=== WHAT IS NEEDED ===
Print the data that follows word for word, leaving out any picture.

=== DATA PROVIDED ===
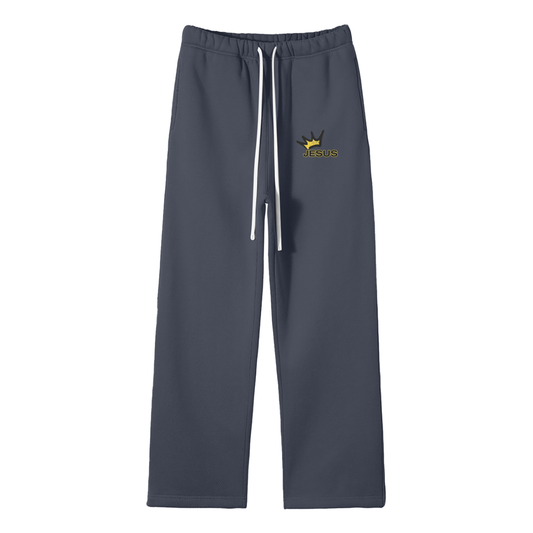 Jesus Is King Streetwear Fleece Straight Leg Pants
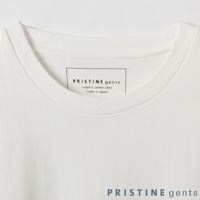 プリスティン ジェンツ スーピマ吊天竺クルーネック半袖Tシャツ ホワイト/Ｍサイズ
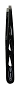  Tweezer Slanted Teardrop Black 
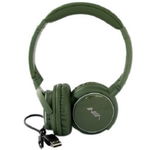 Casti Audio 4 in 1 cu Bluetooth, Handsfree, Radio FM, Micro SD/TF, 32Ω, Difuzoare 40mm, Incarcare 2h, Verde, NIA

=== ANSWER TO THIS EXERCISE ===
 Jesus Is King Streetwear Fleece Straight Leg Pants
 プリスティン ジェンツ スーピマ吊天竺クルーネック半袖Tシャツ ホワイト/Ｍサイズ
  Tweezer Slanted Teardrop Black 
 Casti Audio 4 in 1 cu Bluetooth, Handsfree, Radio FM, Micro SD/TF, 32Ω, Difuzoare 40mm, Incarcare 2h, Verde, NIA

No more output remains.